The best solution would be a mix of tighter fiscal policy and looser monetary policy, it said.

"The report comes very close to suggesting that the deadline for achieving the Maastricht objective should be delayed," Carlos Fortin, UNCTAD deputy secretary-general, told a briefing.

"It was a policy recipe put forward at a time in which the main problem was to contain inflation. When the situation is the opposite - the main problem is to revive growth - it is simply out of place."

Heiner Flassbeck, head of UNCTAD's macroeconomic policy branch, said that more flexibility was needed in the stability pact which is aims to underpin the single currency, the euro, by showing members' commitment to fiscal discipline.

"Brussels seems to understand maybe better than before that...a postponing of the strict reduction in government deficits is necessary," he said.

Flassbeck backed a quick reduction in euro interest rates to spark growth. "There should be a further cut and not too late."

"To revive and stimulate the European economy, the interest rate should clearly go down and should go into the range that is at this moment given in the United States," he added.

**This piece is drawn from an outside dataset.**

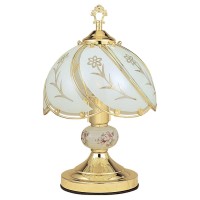 Ore International K313 White Glass Floral Touch Lamp, Brushed Gold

The European Central Bank's key interest rate stands at 2.75 percent against 1.25 percent for the U.S. Federal Reserve.

Germany was in a "very difficult position", but the depth of the crisis was being exaggerated, according to the economist.

"We think it is not the sick man of Europe. It has a big deficit and big burden due to its unification. This is the main message: it can only grow out of that deficit," he said.